LATER EDIT: It seems the problem is related to the Apache Zeppelin interpreter. I'm using Apache Zeppelin 0.6.0 on Spark 1.6.0. When running the same code in spark-shell (2.0.0) there were no issues.
This might be a bit too specific, but maybe it helps others that get similar errors with UDFs.
What I want is to create a column in a Spark Dataframe based on a different column in that DF and a Seq of strings. So, create column "urban" and put 1 if the value in column "location" is in the sequence "cities" else put 0.

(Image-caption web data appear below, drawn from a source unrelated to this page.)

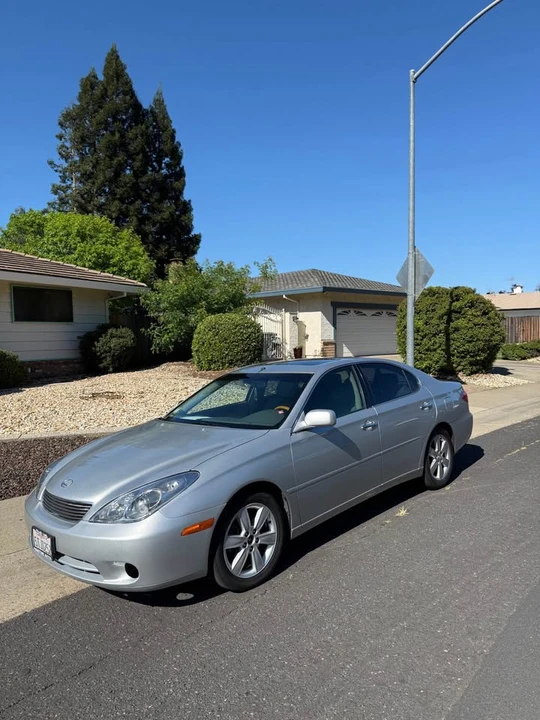 2006 Lexus ES 4th Gen - Image 3 of 20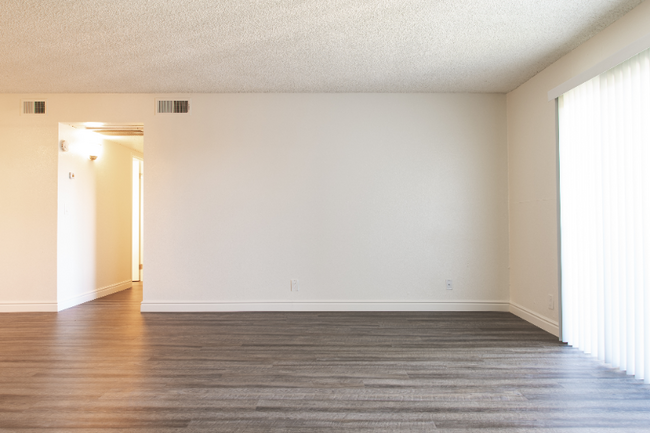 Building Photo - 1225 Palomar Pl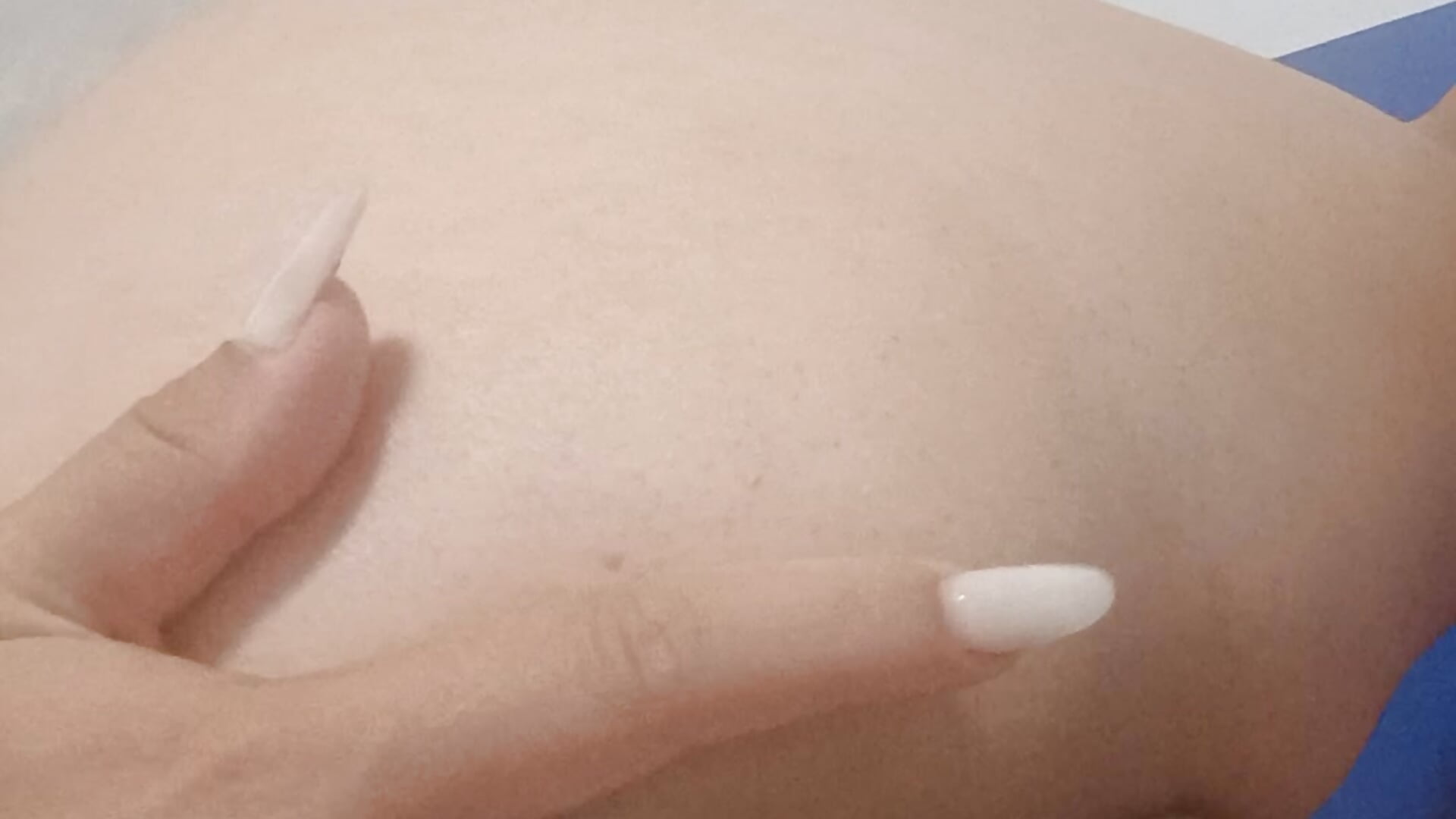 Finger ass – video od webkamerové modelky Noraa_me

Tried solving it in several different ways. I get the same error. The final version is based on these posts: Use of Seq.contains(String) and Create new column with udf. This is what I have now:
val cities = Seq("london", "paris")
df.filter(lower($"location") isin (cities : _*)).count()
Long = 5485947 So I have records with those 2 locations
import org.apache.spark.sql.functions._
val urbanFlag: (String => Int) = (arg: String) => {if (cities.contains(arg)) 1 else 0}
val urbf = udf(urbanFlag)
df.withColumn("urban", urbf(lower($"location"))).show(100)
When I run this I get "Job aborted due to stage failure", the error:
java.lang.ClassNotFoundException: $iwC$$iwC$$iwC$$iwC$$iwC$$$$725d9ae18728ec9520b65ad133e3b55$$$$$$iwC$$iwC$$iwC$$iwC$$iwC$$iwC$$iwC$$anonfun$1
...and a huge stacktrace. I'd guess there is something about anonymous function but what?